> [TO DO]
Reproduce exactly, and only, the lines of the material below running from the line bearing "WBA5A7C59GG151338 2016 BMW 5ER - Image 2" through the line bearing "11418 Ash Creek Drive Houston TX 77043". Leave any pictures out.

> [RECORDED DATA]
+--
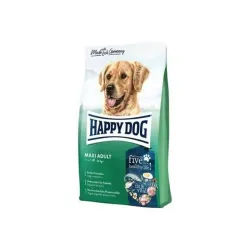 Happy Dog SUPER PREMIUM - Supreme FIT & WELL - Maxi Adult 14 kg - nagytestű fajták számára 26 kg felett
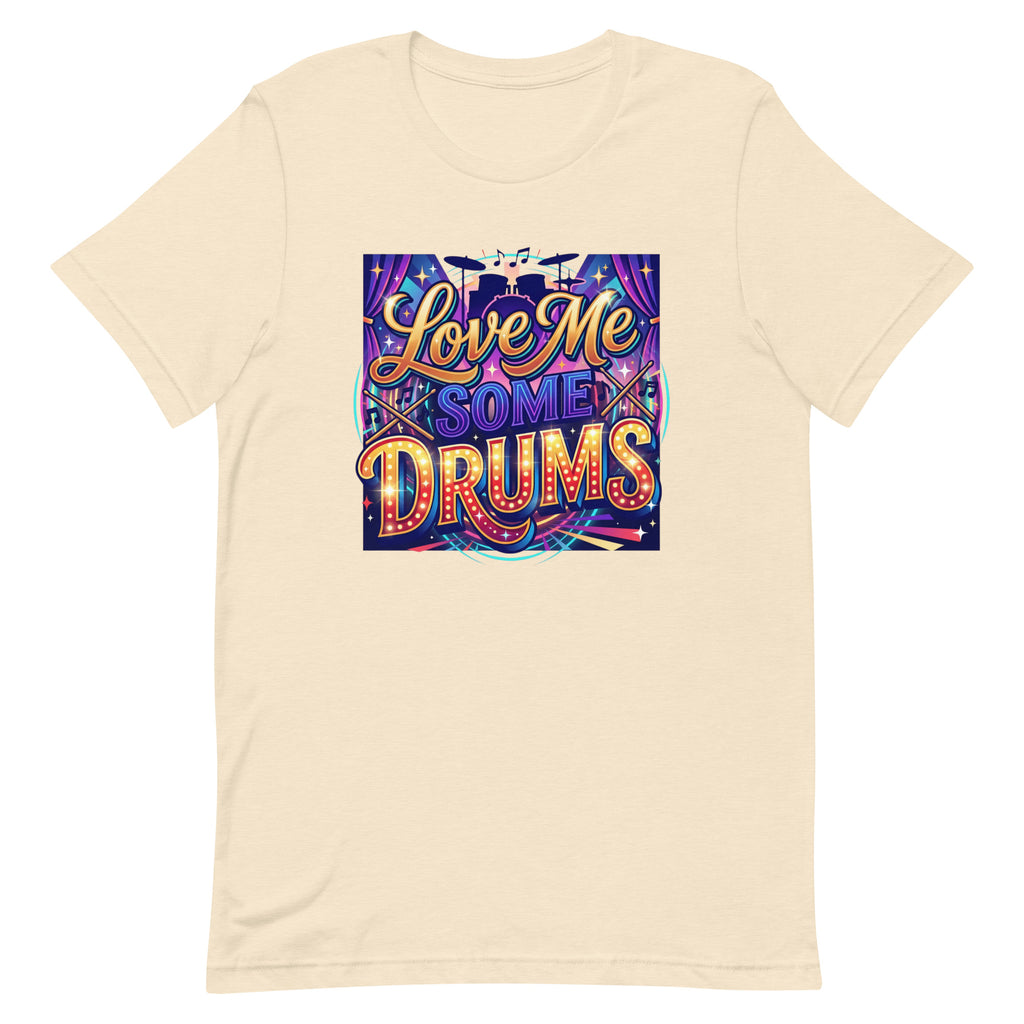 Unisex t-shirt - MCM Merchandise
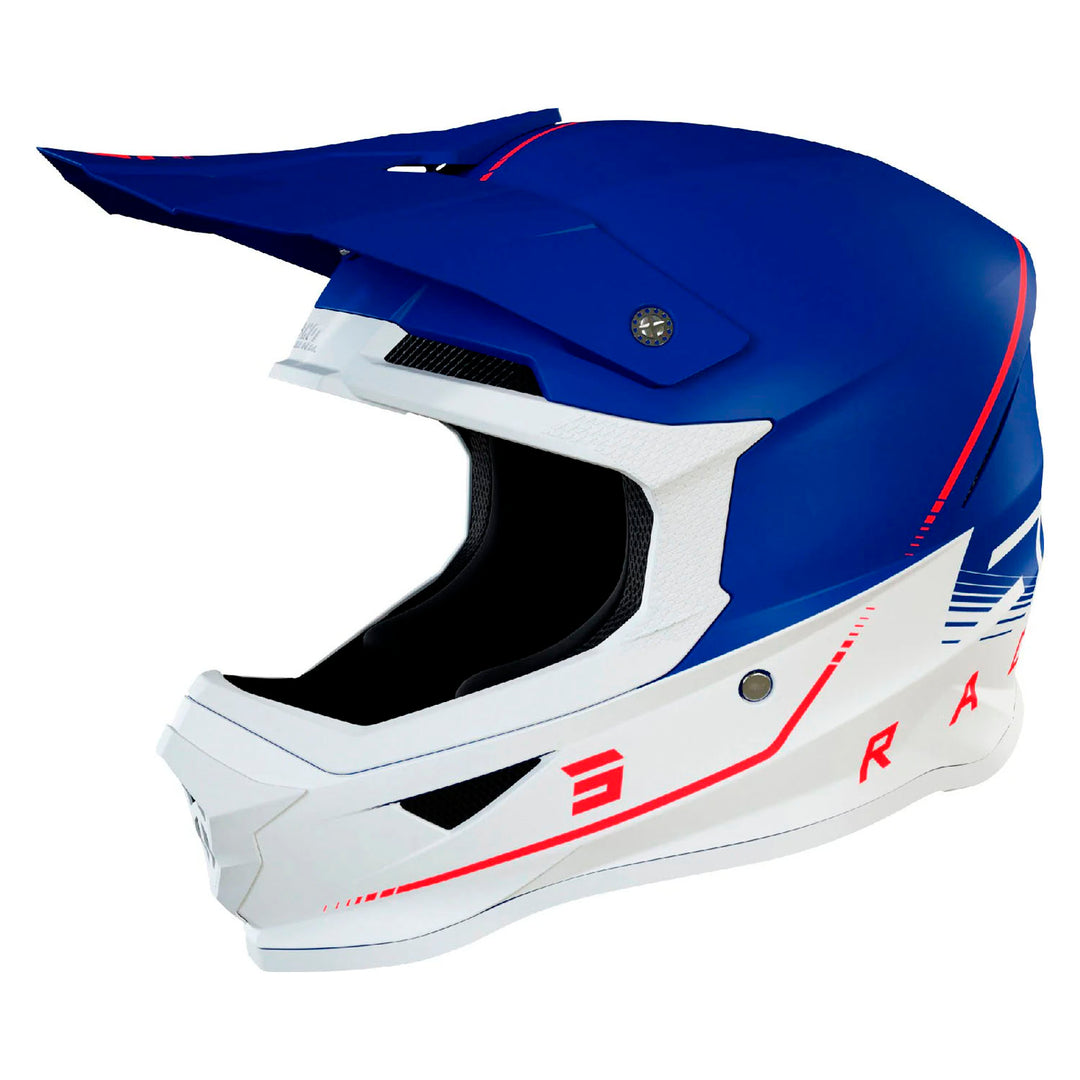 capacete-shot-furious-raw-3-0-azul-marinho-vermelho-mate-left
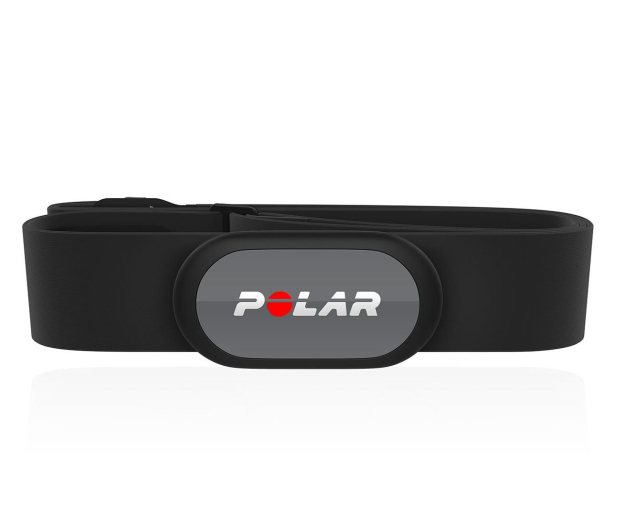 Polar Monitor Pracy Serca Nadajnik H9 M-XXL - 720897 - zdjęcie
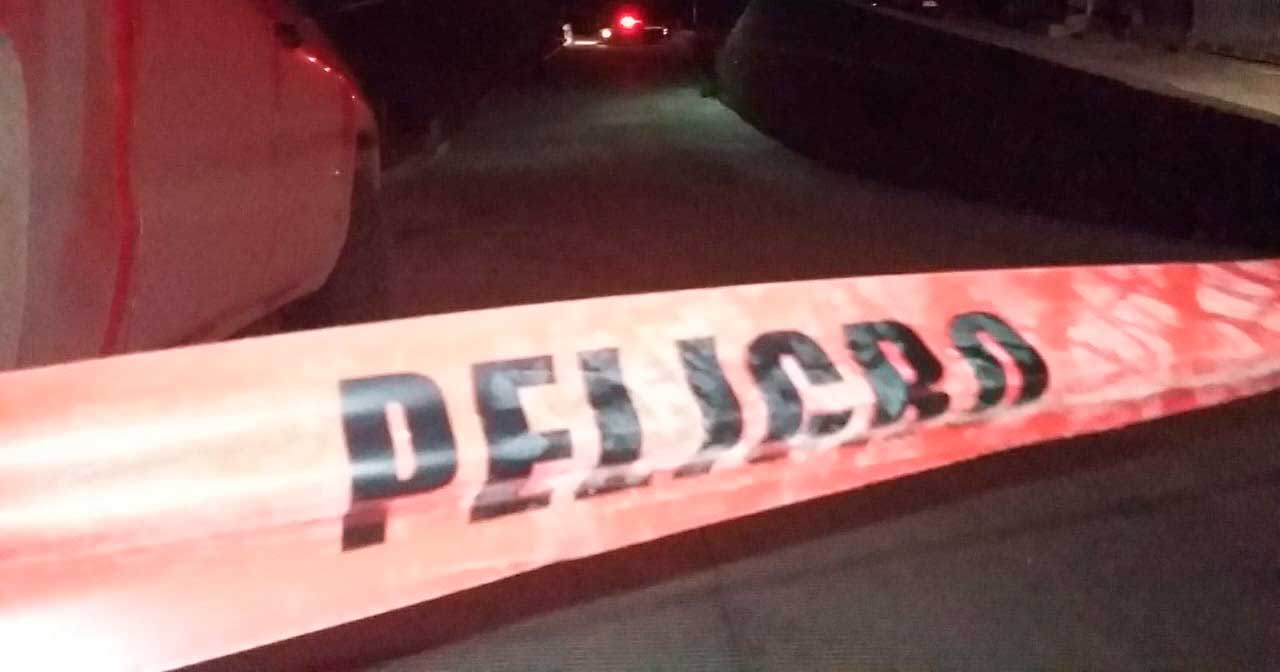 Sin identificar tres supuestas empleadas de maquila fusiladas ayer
+--
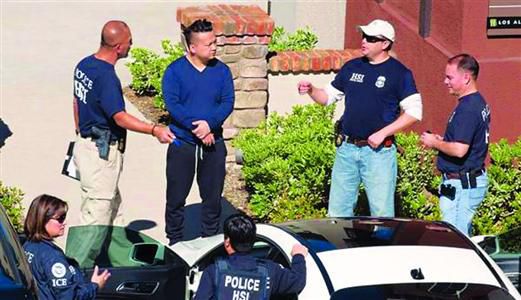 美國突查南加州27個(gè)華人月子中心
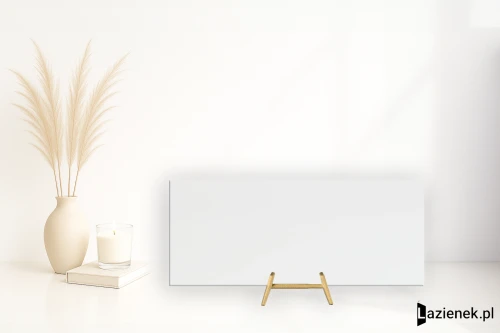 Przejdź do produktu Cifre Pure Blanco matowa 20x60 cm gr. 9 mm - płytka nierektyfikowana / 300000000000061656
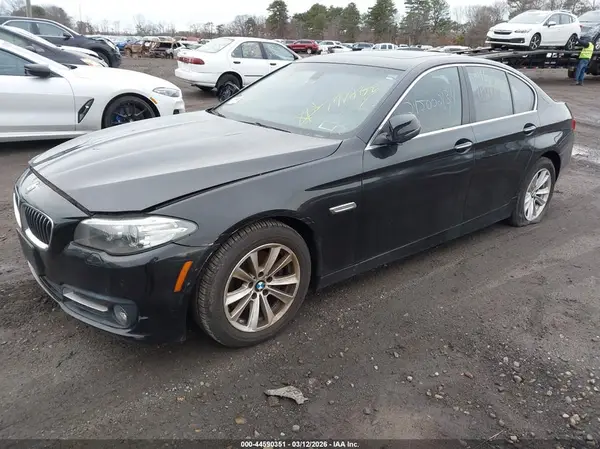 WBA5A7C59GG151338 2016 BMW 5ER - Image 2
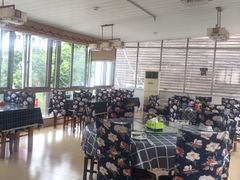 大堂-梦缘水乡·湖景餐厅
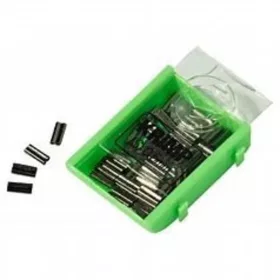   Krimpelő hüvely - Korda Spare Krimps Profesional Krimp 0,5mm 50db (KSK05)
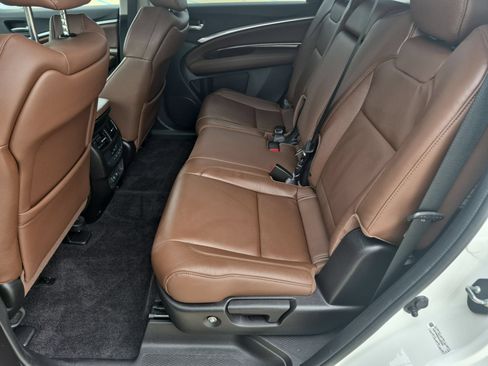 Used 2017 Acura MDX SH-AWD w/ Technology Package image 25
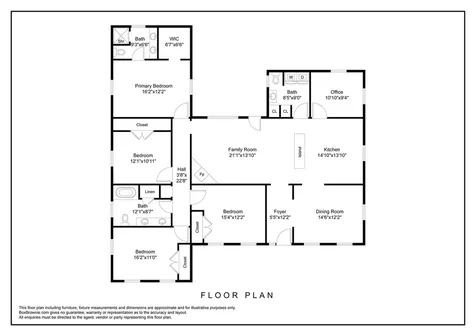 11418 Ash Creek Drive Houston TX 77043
+--
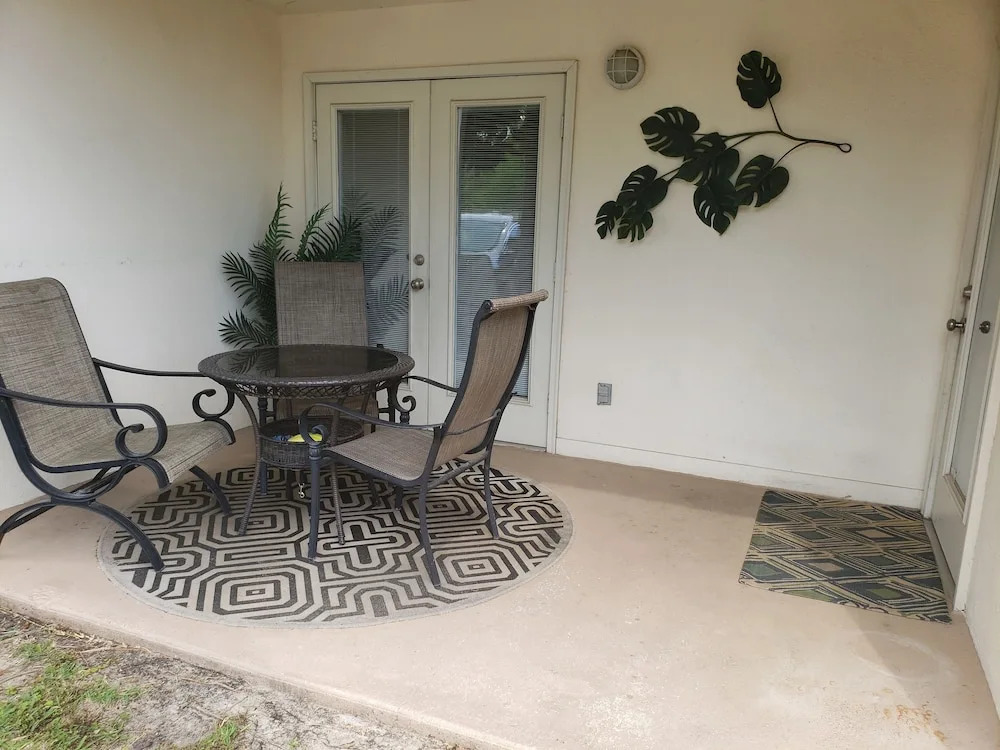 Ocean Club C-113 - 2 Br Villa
+--
> [TASK OUTPUT]
 WBA5A7C59GG151338 2016 BMW 5ER - Image 2
 大堂-梦缘水乡·湖景餐厅
   Krimpelő hüvely - Korda Spare Krimps Profesional Krimp 0,5mm 50db (KSK05)
 Used 2017 Acura MDX SH-AWD w/ Technology Package image 25
 11418 Ash Creek Drive Houston TX 77043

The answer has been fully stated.